> **Material provided**:
# # # # # # #
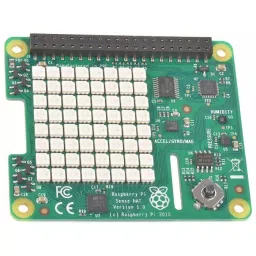 Raspberry Pi Sense HAT with LED Matrix Environmental Sensors for Raspberry Pi, Sense Hat-picture-22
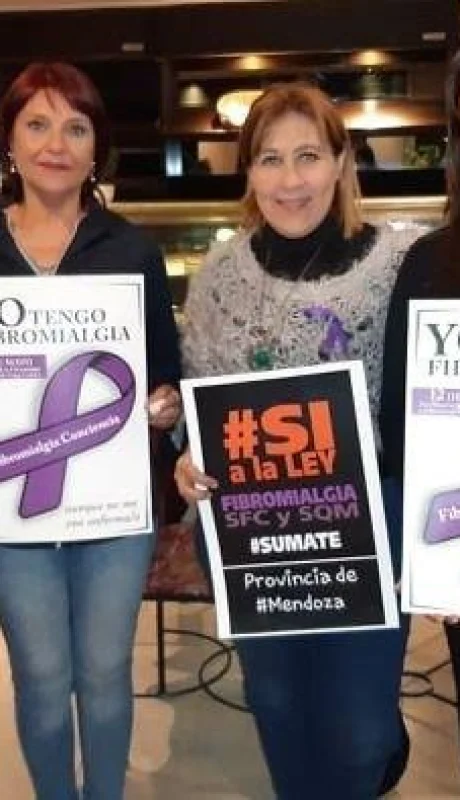 Fibromialgia-Autoconvocados-Mendoza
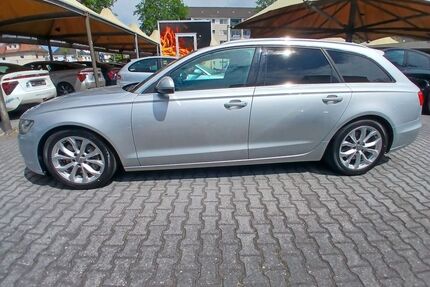Audi A6 Gebrauchtwagen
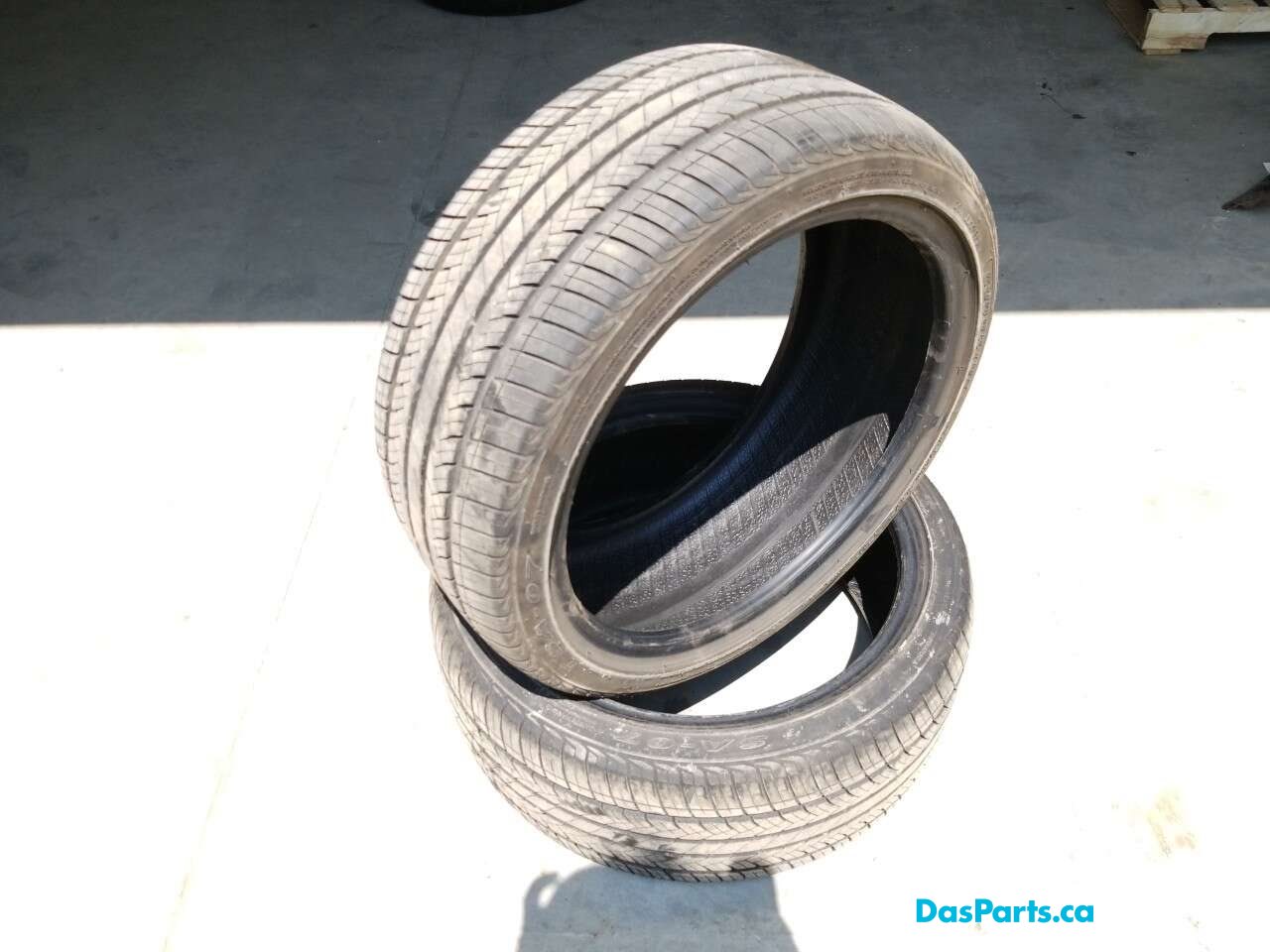Tire Pair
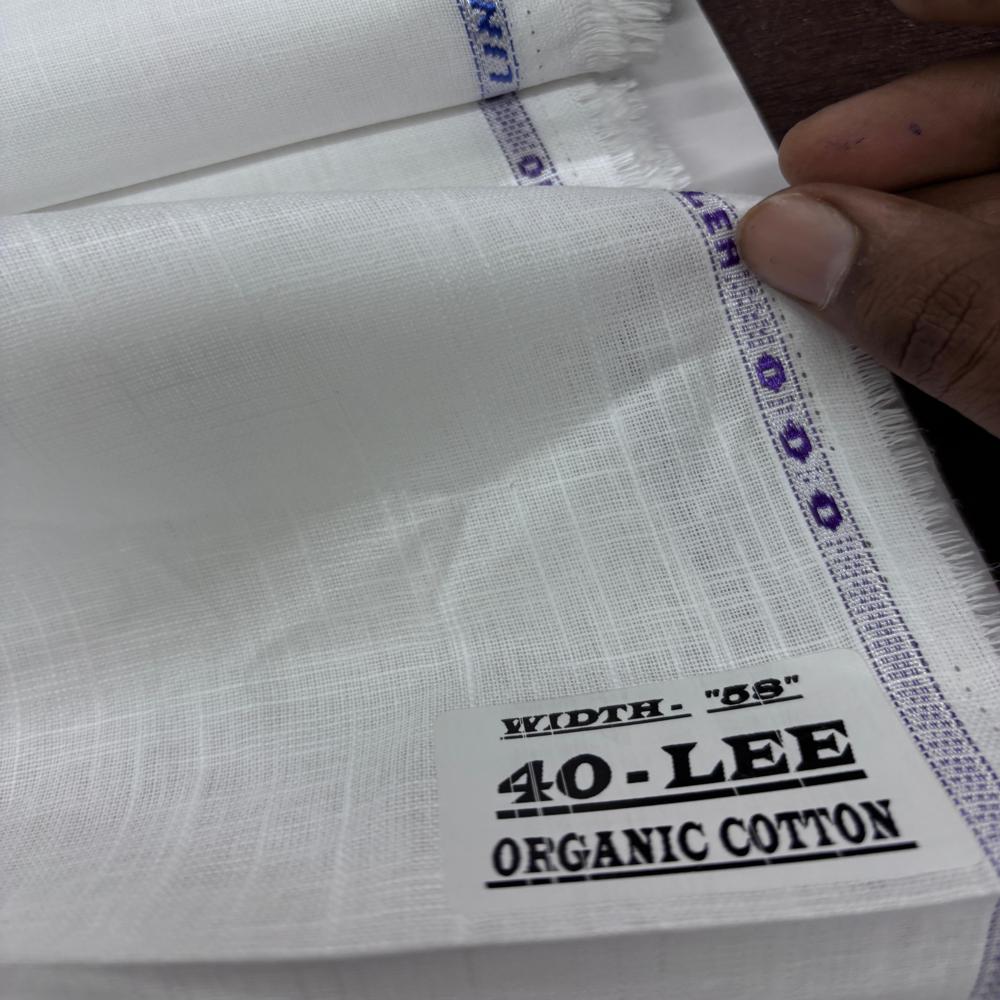 40 LEE COTTON FABRIC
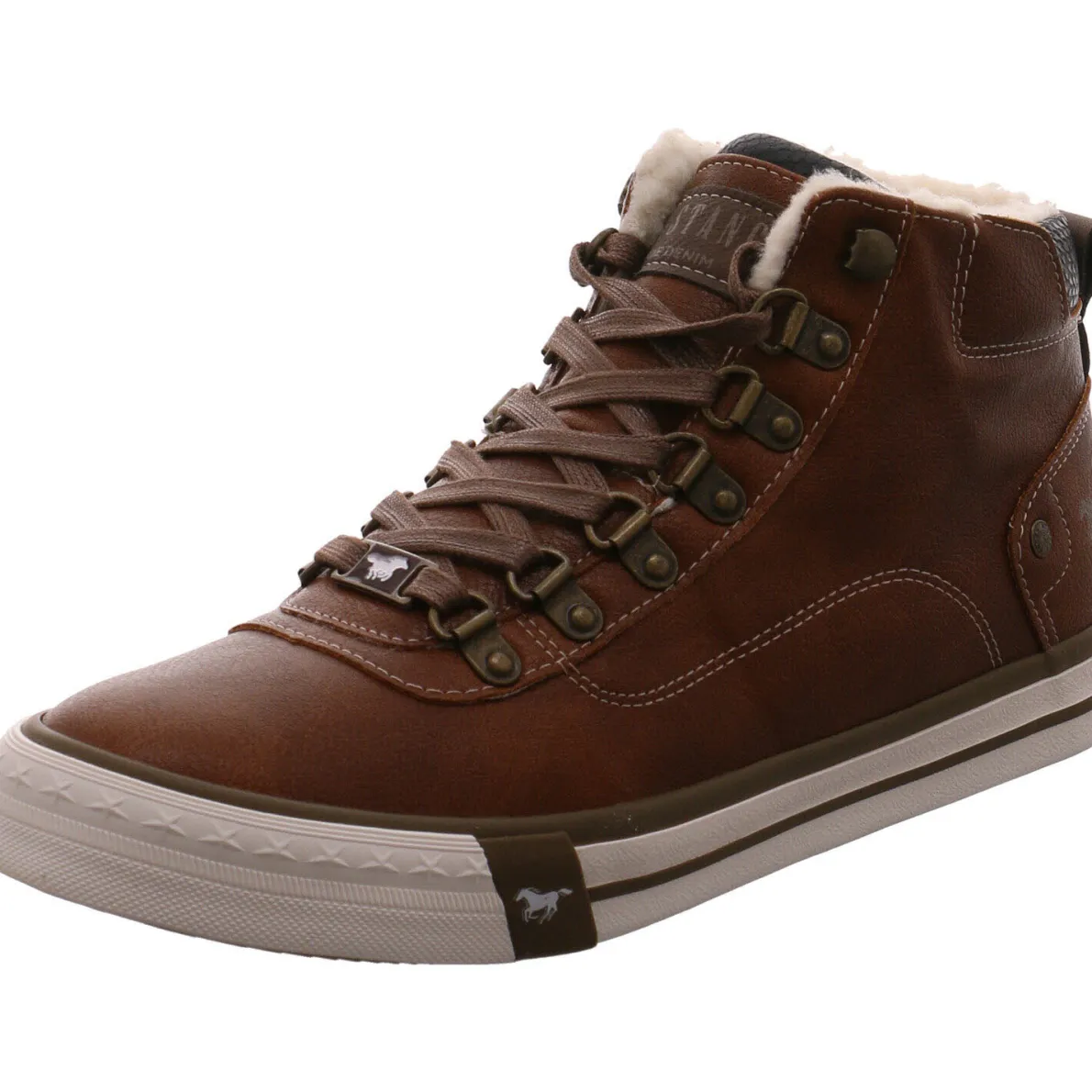 Mustang Sneaker high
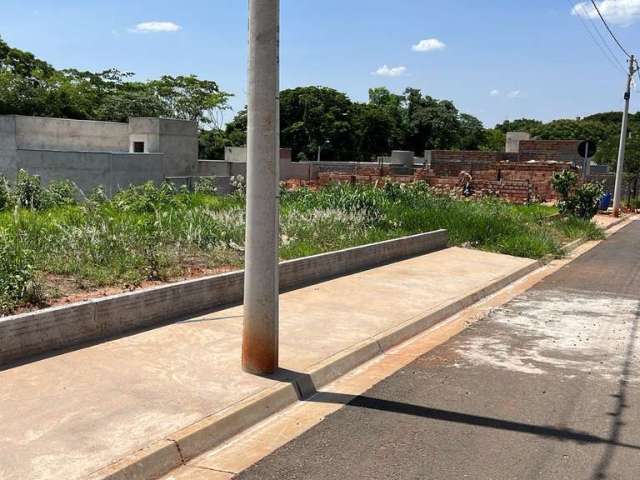 Terreno à venda, 200 m² por R$ 160.000,00 - Conjunto Habitacional São Deocleciano - São José do Rio Preto/SP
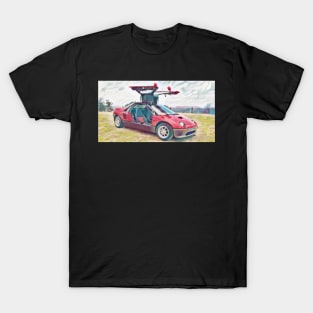 Autozam AZ-1 T-Shirt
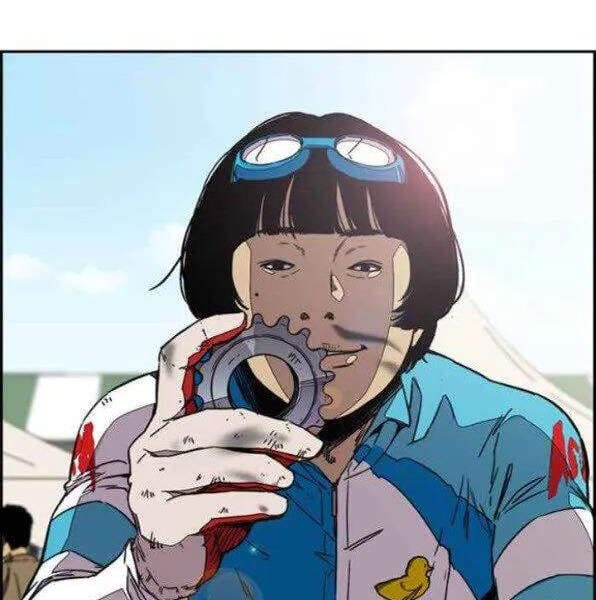 Truyện Tranh Thể Thao Cực Hạn - Wind Breaker trang 7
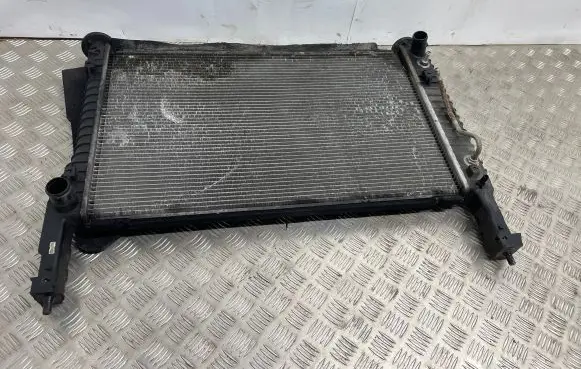 Chevrolet Captiva Coolant radiator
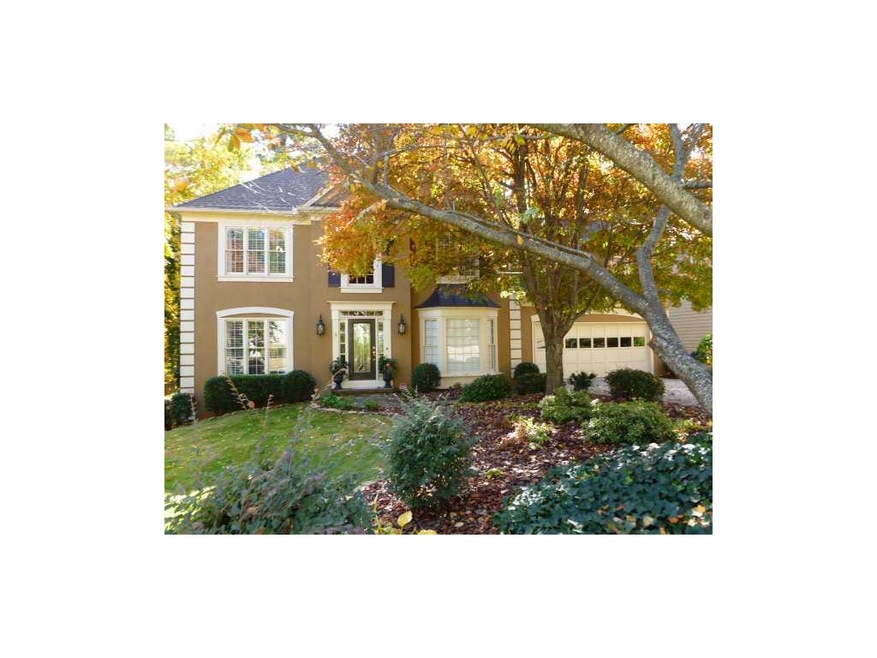 Exterior Front. Gorgeous traditional home with new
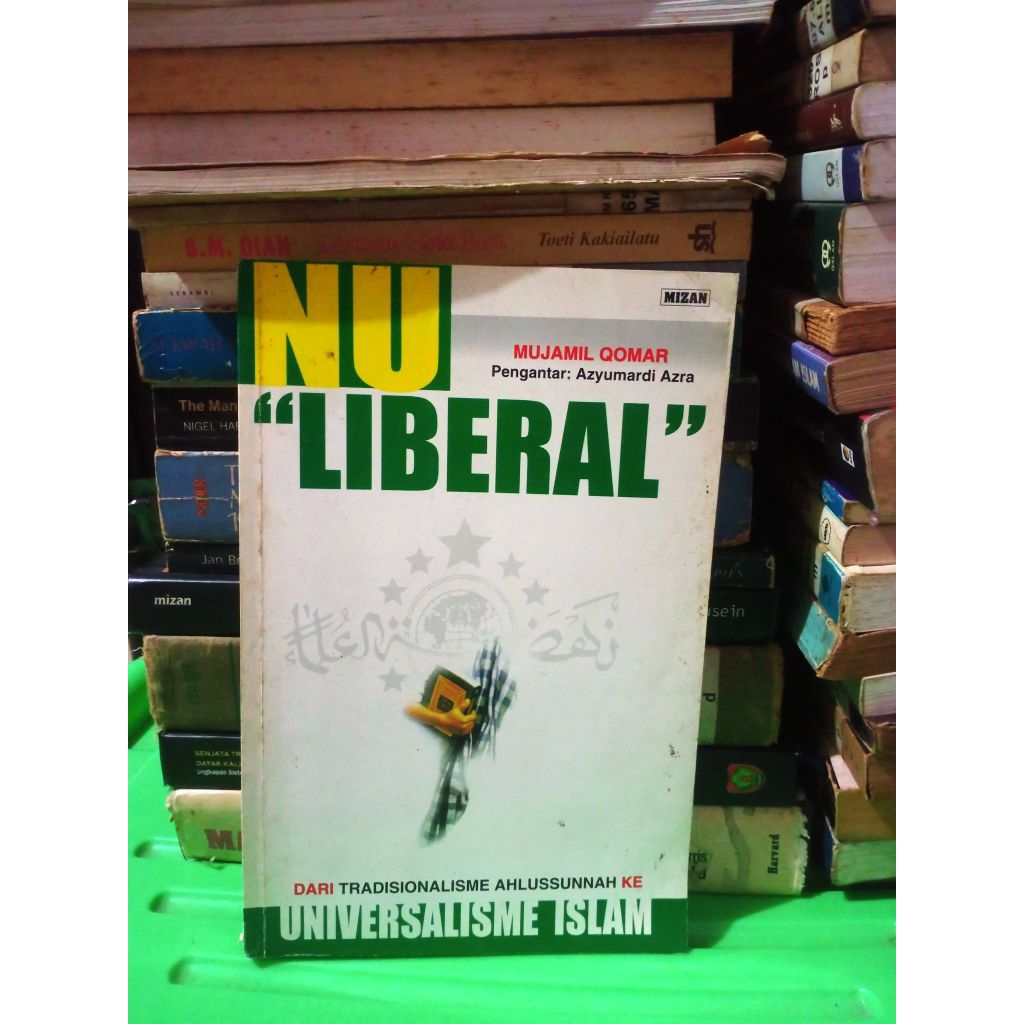 NU Liberal - Mujamil Qomar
# # # # # # #
> **Exercise aim**: Everything from the line with "Exterior Front. Gorgeous" through the end of the records above, and nothing else, is to be quoted exactly; please leave the pictures out.

> **Answer to this task**:
 Exterior Front. Gorgeous traditional home with new
 NU Liberal - Mujamil Qomar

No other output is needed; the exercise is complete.